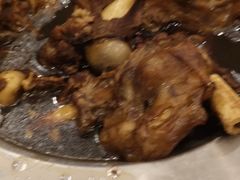 -聚首堂·特色小吃·肘子(什刹海德胜门店)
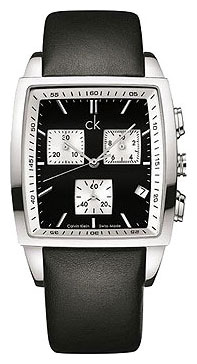 Calvin Klein K30271.75 wrist watches for men - 1 picture, photo, image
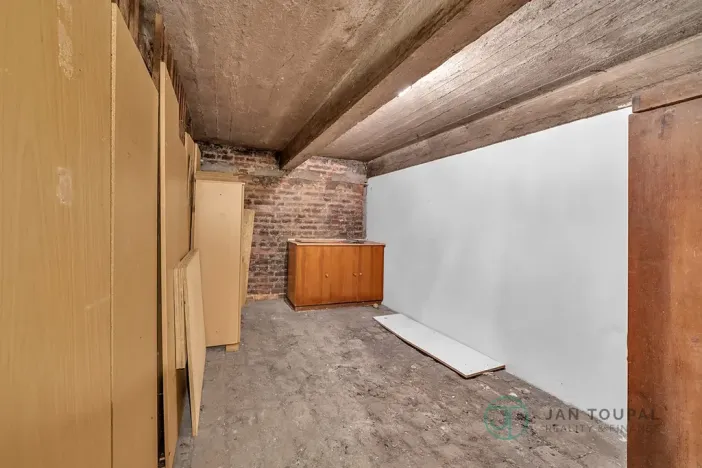 Pronájem bytu 2+kk, Hradec Králové, Pražská třída, 53 m2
- - - -
→ **Requirement**:
Could all the data above be given again exactly, leaving out its images?

→ **Expected answer**:
 -聚首堂·特色小吃·肘子(什刹海德胜门店)
 Calvin Klein K30271.75 wrist watches for men - 1 picture, photo, image
 Pronájem bytu 2+kk, Hradec Králové, Pražská třída, 53 m2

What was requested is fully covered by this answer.